[ome-users] Import error

Douglas Russell douglas_russell at hms.harvard.edu
Tue Jan 9 13:49:32 GMT 2018


FYI: Just the latter three postgres logs relate to the most recent attempt.

On Tue, 9 Jan 2018 at 08:35 Douglas Russell <douglas_russell at hms.harvard.edu>
wrote:

> And this was all there was in the postgres logs:
>
> 01:33:37 LOG: unexpected EOF on client connection with an open transaction
> 02:13:52 LOG: checkpoints are occurring too frequently (21 seconds apart)
> 02:13:52 HINT: Consider increasing the configuration parameter
> "checkpoint_segments".
> 07:52:19 LOG: checkpoints are occurring too frequently (10 seconds apart)
> 07:52:19 HINT: Consider increasing the configuration parameter
> "checkpoint_segments".
> 08:50:05 LOG: unexpected EOF on client connection with an open transaction
>
> My gut feeling is that the database update fails, causing the whole import
> to fail, but it's hard to know what is going on.
>
> D
>
> On Tue, 9 Jan 2018 at 08:20 Douglas Russell <
> douglas_russell at hms.harvard.edu> wrote:
>
>> Hi,
>>
>> Sorry for delay following this up.
>>
>> These OMERO instances are in Docker, yes, but otherwise I don't think
>> there is anything remarkable about the configuration.
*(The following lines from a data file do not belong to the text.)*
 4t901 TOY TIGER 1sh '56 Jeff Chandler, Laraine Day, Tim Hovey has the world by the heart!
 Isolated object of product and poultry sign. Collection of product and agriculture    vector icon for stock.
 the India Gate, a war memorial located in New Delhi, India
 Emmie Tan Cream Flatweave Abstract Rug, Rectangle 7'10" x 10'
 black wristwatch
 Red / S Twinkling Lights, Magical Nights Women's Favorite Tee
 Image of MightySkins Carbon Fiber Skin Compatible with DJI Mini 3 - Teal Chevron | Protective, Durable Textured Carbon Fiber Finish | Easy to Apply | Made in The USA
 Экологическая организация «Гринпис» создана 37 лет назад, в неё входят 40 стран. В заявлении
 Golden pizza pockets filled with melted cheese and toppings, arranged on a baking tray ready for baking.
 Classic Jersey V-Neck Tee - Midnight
I have allocated
>> postgres 5GBs of RAM and am not seeing any messages about that running out
>> of memory. The OMERO server has 20GBs of RAM.
>>
>> The only errors in the Blitz log are:
>>
>> /opt/omero/server/OMERO.server/var/log/Blitz-0.log:2018-01-09
>> 00:15:32,910 ERROR [        ome.services.util.ServiceHandler] (l.Server-7)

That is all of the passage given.